Validating duplicates : a starting point script

At times, DEVONthink flags a document as a “duplicate” when in fact that document does not appear to have real duplicates. I get this all the time time with Curio documents - over here, DEVONthink considers every Curio document to be a duplicate of every other Curio document. Since I know that I’ve not duplicated any Curio document, I just ignore this quirk.

I have a minor little script that compares the “data” property of every alleged duplicate of a selected record to the “data” property of a the selected record. In other words, if I select document “A” and DEVONthink considers “B” and “C” to be duplicates, then “A” has two duplicates (not including itself). The script looks at the “data” property of “B”, and compares it to "A"s data, and the same for "C"s data. If “data” is equal, then I count the document as a true duplicate, else it is not a true duplicate.

Note: this is a stupid brute force analysis - it will not be true in many cases, but I think it is truthier more often than the alternative 8) .

I offer this script as a kind of stub that interested scripters can extend as desired. For example, rather than displaying a report, you could add a special tag, or label, or comment, to “true duplicates”, and use that fact in a smart group.

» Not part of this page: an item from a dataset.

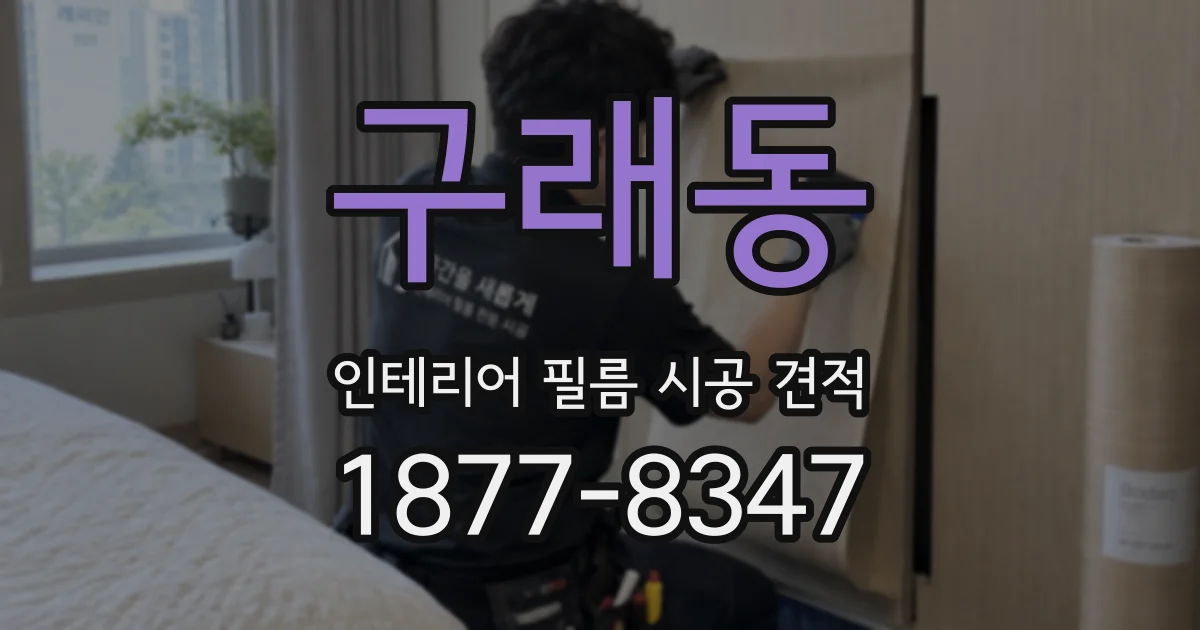 구래동 인테리어 필름 시공 견적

I’d be interested in seeing what others do with this concept.

tell application id "com.devon-technologies.thinkpro2"
	set theSelection to selection
	if theSelection is {} then error "Select one item"
	if the number of items in theSelection is not 1 then error "Select only one item"
	repeat with thisItem in theSelection
		if number of duplicates of thisItem is not 0 then
			set myDuplicates to (duplicates of thisItem as list)
			set numDupes to the length of myDuplicates
			set numSameData to 0
			set thisData to the data of thisItem
			set theReport to ""
			repeat with thisDuplicate in myDuplicates
				if the data of thisDuplicate is equal to thisData then set numSameData to numSameData + 1
				set theReport to theReport & (the location of thisDuplicate & the name of thisDuplicate) & return & return
			end repeat
			display dialog "DEVONthink reports there are " & numDupes & " duplicates. Of these, " & numSameData & " have the same data" & return & return & "These are: " & return & return & theReport
		else
			error "DEVONthink is reporting 'no duplicates'"
		end if
	end repeat
end tell


What’s displayed after switching to the alternate text view in this case? Is the text always identical?

No, of course not. The text is always different. The files are never duplicates, as I said.

Could you please send me few examples so that I could check this over here? Thanks in advance!